U.S. Pat. No. 5,224,959 (Kasper) discloses a woven skeleton ball which is
limited to "a plurality of loops woven together into a hollow spheroidal
skeletal grid, said ball having an outer surface which is predominantly
open space and thus making said ball suitable for allowing a user's
fingers to pass through said surface and grip said loops" (see column 7
line 66 to column 8 line 2). This skeleton ball is clearly not a takraw
ball, which is stated to have "a predominantly closed smooth surface with
relatively few small openings" (see column 2, lines 37 to 39). It is
evident that this skeleton ball cannot function or be used as a takraw
ball. Its deformability or shape changing characteristic means that it
cannot have an inelastic bounce characteristic. It probably has no bounce
characteristic at all; whereas a takraw ball has to restore its original
spherical shape after each collision.
U.S. Pat. No. 5,224,959 discloses composite materials, see FIGS. 3C and 3D
and the related description at column 5 lines 8 to 27; however, there is
no disclosure of the skeleton ball being bounceable, let alone selection
of materials to produce a given bounce characteristic as required by the
present invention.
It is one object of the present invention to provide a softer takraw ball
whilst retaining the ball's essential characteristics. Conventional takraw
balls are traditionally treated with coconut oil both to prevent the ball
from rotting and to reduce the brittleness of the rattan, i.e. to make it
softer and more playable.
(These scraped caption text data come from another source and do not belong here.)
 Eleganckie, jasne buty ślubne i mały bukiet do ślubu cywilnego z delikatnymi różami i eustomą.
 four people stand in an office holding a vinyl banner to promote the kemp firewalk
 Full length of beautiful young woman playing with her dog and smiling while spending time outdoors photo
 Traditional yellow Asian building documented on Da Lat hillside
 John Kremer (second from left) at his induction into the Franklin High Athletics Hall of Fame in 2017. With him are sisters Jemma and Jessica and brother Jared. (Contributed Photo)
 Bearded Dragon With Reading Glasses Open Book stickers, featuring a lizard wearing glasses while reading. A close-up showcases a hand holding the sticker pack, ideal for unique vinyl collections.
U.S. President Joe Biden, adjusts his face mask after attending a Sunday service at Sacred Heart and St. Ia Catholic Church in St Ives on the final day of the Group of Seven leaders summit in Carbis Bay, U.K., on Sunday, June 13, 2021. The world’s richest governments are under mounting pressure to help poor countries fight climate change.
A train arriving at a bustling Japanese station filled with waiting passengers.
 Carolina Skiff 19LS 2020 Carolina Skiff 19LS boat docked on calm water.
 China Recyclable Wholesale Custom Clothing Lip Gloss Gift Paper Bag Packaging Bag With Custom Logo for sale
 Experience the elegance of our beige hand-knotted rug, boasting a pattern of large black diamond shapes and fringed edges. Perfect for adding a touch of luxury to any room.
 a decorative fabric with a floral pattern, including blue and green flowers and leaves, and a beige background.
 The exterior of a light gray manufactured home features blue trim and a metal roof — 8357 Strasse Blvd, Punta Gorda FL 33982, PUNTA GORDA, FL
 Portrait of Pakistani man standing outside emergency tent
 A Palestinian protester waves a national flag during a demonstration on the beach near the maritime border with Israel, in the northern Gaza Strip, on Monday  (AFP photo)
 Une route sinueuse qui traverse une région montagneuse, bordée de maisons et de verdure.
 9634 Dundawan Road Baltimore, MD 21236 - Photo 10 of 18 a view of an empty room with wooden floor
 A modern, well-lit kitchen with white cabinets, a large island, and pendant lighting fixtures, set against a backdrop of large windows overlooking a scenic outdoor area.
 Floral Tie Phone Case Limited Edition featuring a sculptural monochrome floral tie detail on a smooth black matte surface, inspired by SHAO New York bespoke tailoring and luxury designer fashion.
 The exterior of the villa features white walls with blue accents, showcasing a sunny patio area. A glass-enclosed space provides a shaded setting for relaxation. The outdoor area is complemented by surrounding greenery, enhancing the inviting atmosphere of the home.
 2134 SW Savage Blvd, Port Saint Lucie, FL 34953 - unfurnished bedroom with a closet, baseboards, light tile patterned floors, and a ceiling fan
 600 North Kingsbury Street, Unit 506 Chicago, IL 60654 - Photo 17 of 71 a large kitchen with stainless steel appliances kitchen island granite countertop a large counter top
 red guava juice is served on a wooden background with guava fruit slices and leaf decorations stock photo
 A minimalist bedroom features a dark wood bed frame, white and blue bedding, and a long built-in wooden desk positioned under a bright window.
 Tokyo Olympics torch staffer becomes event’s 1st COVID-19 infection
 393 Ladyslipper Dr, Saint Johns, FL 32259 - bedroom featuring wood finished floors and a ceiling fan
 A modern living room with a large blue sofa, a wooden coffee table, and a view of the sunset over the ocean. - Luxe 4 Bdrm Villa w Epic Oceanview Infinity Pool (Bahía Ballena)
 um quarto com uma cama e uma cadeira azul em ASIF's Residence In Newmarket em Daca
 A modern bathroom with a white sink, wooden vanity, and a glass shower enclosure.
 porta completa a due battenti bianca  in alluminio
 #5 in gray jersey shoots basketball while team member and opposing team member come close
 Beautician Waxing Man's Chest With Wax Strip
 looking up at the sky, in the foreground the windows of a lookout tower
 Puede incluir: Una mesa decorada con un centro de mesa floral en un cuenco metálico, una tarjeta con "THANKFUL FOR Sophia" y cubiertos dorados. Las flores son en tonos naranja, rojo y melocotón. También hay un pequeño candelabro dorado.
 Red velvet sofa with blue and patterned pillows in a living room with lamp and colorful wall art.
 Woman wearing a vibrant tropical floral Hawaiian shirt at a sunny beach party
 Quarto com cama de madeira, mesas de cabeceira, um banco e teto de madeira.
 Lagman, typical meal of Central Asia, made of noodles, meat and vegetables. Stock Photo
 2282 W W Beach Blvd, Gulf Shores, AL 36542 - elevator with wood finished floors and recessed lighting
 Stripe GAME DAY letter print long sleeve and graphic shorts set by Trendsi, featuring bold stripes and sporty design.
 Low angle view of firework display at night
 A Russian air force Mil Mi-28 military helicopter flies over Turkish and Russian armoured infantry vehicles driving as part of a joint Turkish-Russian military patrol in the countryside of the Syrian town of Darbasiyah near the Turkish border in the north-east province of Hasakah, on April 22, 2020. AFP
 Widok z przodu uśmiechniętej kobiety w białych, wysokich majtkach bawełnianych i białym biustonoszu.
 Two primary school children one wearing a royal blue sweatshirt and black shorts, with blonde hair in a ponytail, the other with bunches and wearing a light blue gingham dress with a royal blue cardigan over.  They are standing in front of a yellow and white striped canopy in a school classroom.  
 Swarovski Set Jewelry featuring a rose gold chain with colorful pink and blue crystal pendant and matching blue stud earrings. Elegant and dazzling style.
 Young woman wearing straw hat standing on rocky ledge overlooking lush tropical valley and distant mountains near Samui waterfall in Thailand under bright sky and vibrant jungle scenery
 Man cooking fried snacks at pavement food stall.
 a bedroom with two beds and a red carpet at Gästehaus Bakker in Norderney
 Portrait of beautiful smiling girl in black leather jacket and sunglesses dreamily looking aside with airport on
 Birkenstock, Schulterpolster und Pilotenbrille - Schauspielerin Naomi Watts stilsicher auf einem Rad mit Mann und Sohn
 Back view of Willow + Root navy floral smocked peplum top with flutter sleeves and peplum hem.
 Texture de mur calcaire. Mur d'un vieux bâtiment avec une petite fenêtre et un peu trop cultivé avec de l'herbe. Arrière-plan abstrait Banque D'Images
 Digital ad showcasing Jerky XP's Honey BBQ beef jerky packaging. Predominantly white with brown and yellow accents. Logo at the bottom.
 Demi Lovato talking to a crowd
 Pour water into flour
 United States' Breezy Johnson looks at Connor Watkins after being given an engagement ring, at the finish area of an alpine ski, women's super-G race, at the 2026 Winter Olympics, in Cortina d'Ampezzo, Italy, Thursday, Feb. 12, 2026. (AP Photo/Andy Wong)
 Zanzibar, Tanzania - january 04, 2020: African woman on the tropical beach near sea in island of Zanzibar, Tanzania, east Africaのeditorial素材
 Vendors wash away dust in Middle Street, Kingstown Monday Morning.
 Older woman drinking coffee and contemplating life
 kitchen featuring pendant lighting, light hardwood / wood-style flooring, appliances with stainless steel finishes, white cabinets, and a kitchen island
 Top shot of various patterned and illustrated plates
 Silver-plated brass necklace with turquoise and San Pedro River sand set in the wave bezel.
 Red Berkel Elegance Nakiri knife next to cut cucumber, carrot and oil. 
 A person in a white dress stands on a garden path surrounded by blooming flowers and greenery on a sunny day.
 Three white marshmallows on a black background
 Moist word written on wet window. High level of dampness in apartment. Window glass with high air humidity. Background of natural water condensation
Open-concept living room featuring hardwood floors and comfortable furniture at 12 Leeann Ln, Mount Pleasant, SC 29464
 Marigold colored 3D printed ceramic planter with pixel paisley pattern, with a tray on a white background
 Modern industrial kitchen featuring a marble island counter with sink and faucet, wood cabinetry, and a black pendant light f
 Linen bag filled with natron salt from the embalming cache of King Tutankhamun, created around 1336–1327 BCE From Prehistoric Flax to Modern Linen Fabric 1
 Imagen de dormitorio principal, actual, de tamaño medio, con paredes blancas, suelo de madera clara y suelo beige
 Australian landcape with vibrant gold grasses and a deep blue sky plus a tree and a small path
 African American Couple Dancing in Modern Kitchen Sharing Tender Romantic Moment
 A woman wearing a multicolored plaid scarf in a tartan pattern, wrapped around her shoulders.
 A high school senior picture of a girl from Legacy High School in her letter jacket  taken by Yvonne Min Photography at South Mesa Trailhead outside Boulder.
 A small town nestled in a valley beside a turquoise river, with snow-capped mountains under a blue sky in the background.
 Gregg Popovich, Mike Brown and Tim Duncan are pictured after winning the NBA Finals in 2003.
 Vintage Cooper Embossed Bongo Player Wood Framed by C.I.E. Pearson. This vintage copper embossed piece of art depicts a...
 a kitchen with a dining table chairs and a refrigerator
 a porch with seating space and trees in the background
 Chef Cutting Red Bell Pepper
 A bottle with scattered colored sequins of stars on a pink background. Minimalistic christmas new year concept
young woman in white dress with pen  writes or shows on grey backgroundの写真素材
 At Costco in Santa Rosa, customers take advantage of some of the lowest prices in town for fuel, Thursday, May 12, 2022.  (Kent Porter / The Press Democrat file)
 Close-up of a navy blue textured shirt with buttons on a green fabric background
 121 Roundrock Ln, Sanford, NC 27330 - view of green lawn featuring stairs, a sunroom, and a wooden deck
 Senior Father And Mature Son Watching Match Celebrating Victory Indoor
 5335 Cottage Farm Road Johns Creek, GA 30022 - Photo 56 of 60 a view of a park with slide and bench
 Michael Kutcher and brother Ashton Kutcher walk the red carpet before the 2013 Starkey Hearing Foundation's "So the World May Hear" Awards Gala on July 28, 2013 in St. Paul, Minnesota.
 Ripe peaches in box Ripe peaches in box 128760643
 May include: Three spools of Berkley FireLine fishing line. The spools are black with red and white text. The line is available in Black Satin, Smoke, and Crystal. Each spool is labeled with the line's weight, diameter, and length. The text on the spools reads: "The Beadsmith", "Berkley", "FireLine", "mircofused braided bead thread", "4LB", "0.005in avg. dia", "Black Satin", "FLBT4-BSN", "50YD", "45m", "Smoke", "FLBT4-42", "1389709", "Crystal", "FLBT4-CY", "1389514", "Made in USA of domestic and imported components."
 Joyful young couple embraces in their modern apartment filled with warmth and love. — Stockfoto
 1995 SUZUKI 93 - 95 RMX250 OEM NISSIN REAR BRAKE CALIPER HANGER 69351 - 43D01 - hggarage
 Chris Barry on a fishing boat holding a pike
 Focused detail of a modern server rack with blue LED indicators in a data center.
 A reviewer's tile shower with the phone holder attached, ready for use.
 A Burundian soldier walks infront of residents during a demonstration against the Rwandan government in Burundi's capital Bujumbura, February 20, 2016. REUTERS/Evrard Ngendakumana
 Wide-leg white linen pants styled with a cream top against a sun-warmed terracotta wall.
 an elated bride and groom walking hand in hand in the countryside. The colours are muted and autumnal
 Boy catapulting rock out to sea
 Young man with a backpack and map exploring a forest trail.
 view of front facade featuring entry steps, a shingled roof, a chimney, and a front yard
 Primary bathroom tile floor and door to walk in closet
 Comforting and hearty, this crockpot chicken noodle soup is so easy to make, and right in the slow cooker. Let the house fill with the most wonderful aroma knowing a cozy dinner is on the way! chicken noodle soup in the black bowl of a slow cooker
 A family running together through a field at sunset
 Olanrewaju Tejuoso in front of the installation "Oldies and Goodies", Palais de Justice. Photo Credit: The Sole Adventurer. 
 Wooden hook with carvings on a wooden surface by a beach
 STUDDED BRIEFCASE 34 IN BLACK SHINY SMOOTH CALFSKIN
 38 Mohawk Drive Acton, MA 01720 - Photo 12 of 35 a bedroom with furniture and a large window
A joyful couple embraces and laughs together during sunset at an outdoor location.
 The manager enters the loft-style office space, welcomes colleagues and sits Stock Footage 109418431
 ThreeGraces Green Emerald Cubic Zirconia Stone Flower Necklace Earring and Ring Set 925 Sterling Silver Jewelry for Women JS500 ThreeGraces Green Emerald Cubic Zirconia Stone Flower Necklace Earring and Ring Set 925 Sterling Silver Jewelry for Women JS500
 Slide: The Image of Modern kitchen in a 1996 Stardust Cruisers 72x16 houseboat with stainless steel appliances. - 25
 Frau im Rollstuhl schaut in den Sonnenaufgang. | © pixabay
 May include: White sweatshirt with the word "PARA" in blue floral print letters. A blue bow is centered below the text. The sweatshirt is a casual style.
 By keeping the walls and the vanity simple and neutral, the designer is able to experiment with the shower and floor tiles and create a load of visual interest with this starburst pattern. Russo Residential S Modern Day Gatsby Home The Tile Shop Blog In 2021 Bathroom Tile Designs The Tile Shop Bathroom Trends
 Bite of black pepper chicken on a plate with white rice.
Experiments to simply make a plastics takraw
from softer material were unsuccessful because the necessary bounce
characteristic could not be achieved and the ball would not retain its
woven structure when played, strips moved and overlapped one another.
Another object of the present invention is to provide a safer takraw ball.
SUMMARY OF THE INVENTION
According to the present invention, a takraw ball is woven from strips at
least a majority of which are composite strips having one component part
of soft material and another component part of springy material; the soft
material and the springy material being selected to produce a given bounce
characteristic. By springy is meant a material that is essentially stiff
or rigid but also resilient such that, if deflected under applied load it
will return to its original shape or position.
According to an embodiment of the present invention, the composite strip is
formed and arranged such that, when woven into a ball, at least the
exposed outer surface of the ball is constituted by said soft part.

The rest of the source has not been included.